# Tokyo 2020 Olympics Scraper

The purpose of this project is to scrape data from the [Tokyo 2020 Olympics](https://olympics.com/tokyo-2020/olympic-games/en/results/all-sports/medalists.htm) website using Selenium. After scraping the results, I will save the data into an Excel file that will later on be used to analyze the results of the Tokyo 2020 Olympics.

In [1]:
from selenium import webdriver
import pandas as pd

In [2]:
# Initialize Chrome
driver = webdriver.Chrome('C:\webdrivers\chromedriver.exe')

# Open Website
driver.get('https://olympics.com/tokyo-2020/olympic-games/en/results/all-sports/medalists.htm')

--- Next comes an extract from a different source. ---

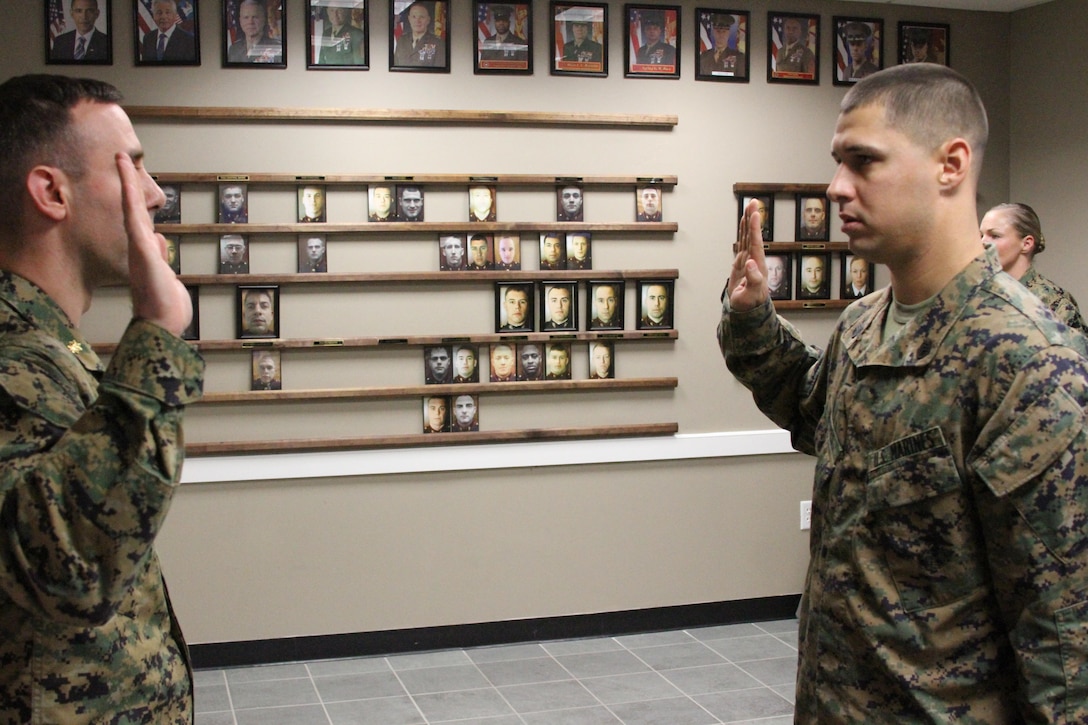 Maj. Andrew G. Gourgoumis, commanding officer of Recruiting Station Portsmouth recites the staff noncommissioned officer creed during Staff Sgt. Christopher Nieves’ meritorious promotion Jan. 3.  Nieves has been a canvassing recruiter for nearly two years and is slated to take over his own substation in Lawrence, Mass.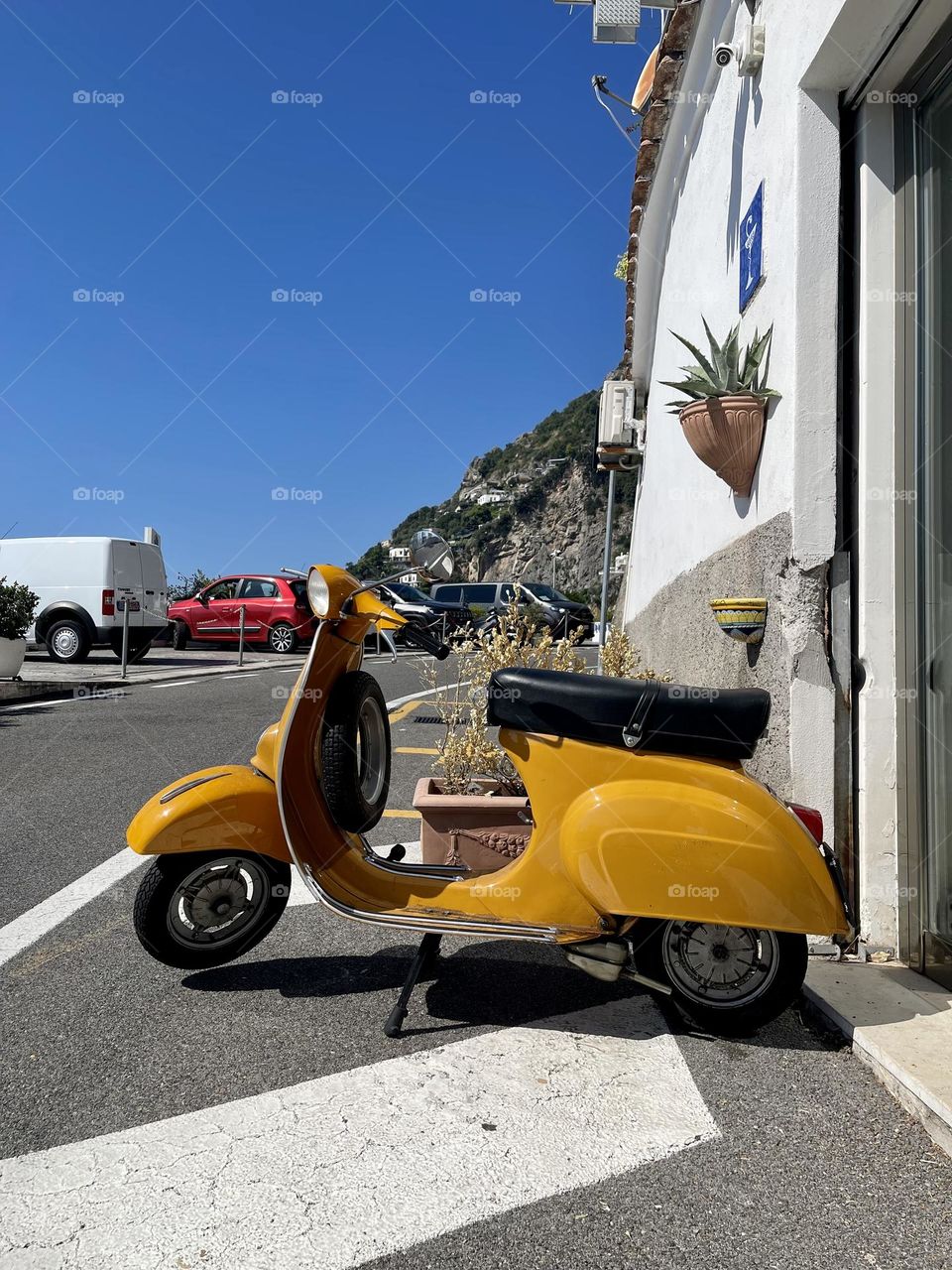 Yellow retro scooter at the street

![image.png](attachment:image.png)

In [3]:
# Create empty list for results
olympics_results = []

In [4]:
# Loop through each page and scrape the results
for k in range(121):
    
    # Get variables using XPath
    name = driver.find_elements_by_xpath('//div[@class="playerTag"]/a/span[2]')
    country = driver.find_elements_by_xpath('//tbody/tr/td/a/div/span[1]')
    sport = driver.find_elements_by_xpath('//tbody/tr/td[3]/a')
    event = driver.find_elements_by_xpath('//tbody/tr/td[4]')
    medal = driver.find_elements_by_xpath('//tbody/tr/td[5]/img')
    
    # Load results into a dictionary
    for i in range(len(name)):
        olympics_dict={'Name': name[i].text,
                       'Country': country[i].text,
                       'Sport': sport[i].text,
                       'Event': event[i].text,
                       'Medal': medal[i].get_attribute('alt') 
        }
        olympics_results.append(olympics_dict)
    
    # Click next button to scrape next page
    next_button=driver.find_element_by_xpath('(//a[@class="page-link"])[9]')
    try:
        next_button.click()
    except:
        pass

In [5]:
# Convert list of results to a data frame
olympics_df = pd.DataFrame(olympics_results)
olympics_df

Unnamed: 0,Name,Country,Sport,Event,Medal
0,CAVARS Agnis,Latvia,3x3 Basketball,Men,Gold Medal
1,KRUMINS Edgars,Latvia,3x3 Basketball,Men,Gold Medal
2,LASMANIS Karlis,Latvia,3x3 Basketball,Men,Gold Medal
3,MIEZIS Nauris,Latvia,3x3 Basketball,Men,Gold Medal
4,DOLSON Stefanie,United States of America,3x3 Basketball,Women,Gold Medal
...,...,...,...,...,...
2396,KOLIADENKO Iryna,Ukraine,Wrestling,Women's Freestyle 62kg,Bronze Medal
2397,ZHUMANAZAROVA Meerim,Kyrgyzstan,Wrestling,Women's Freestyle 68kg,Bronze Medal
2398,CHERKASOVA Alla,Ukraine,Wrestling,Women's Freestyle 68kg,Bronze Medal
2399,ZHOU Qian,People's Republic of China,Wrestling,Women's Freestyle 76kg,Bronze Medal


In [6]:
# Save results to an Excel file
olympics_df.to_excel('2020_olympics_data.xlsx', index= False)